Buse went on to play professionally for the Indiana Pacers, the Phoenix Suns, the Portland Trail Blazers, and the Kansas City Kings.

Buse was known for his dependable ball-handling, tight defense, and clutch-shooting, and he appeared in two All-Star games (one in the ABA in 1976; one in the NBA in 1977) during the course of his career. His best season occurred in 1975-76, when he led the ABA in both steals per game (4.12) and assists per game (8.2) while also contributing a career high 12.5 points per game.
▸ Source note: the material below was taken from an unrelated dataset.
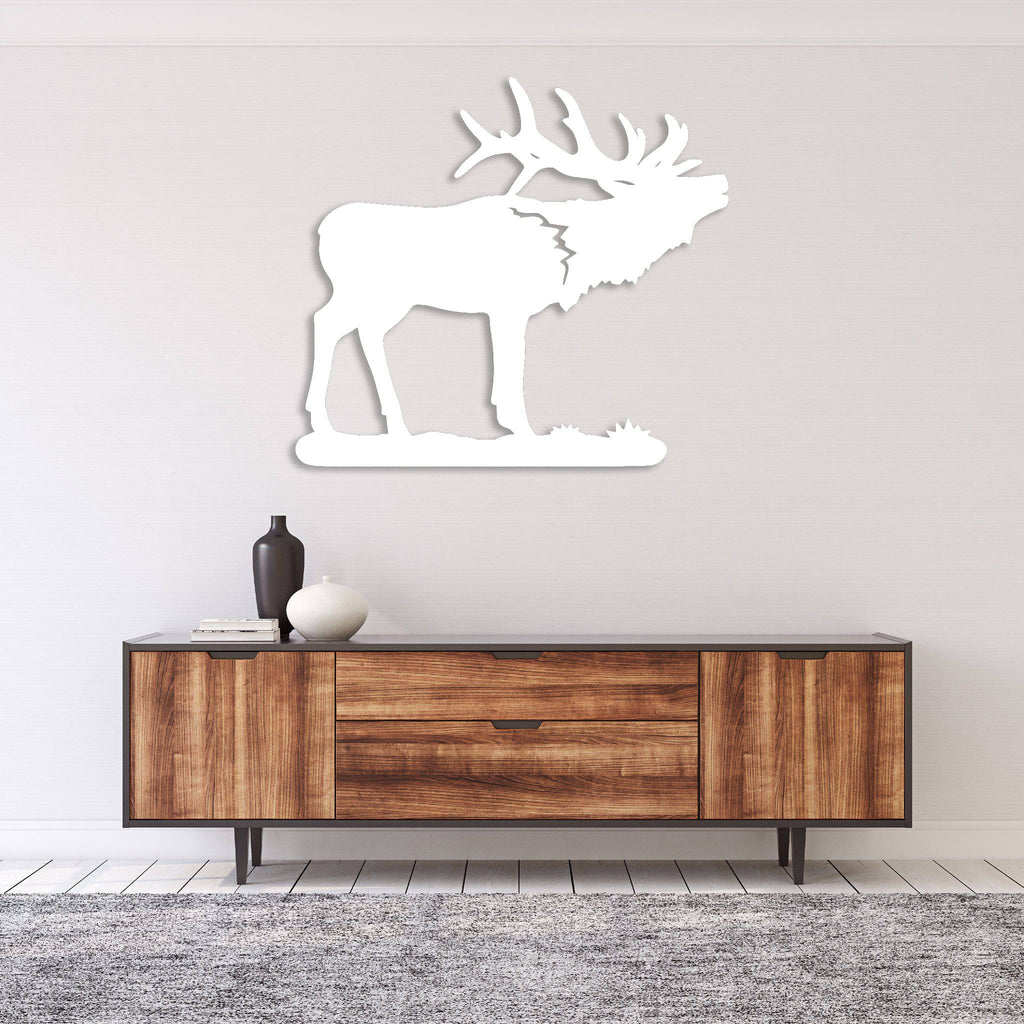 Howling Elk - Metal Wall Art - MetalPlex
In the next season, his first in the NBA, Buse again led all players in steals per game (3.47) and assists per game (8.5).

In 1979, Buse helped take the Suns deep into the playoffs on a team with notable players, such as Paul Westphal, Walter Davis, Truck Robinson and Alvan Adams.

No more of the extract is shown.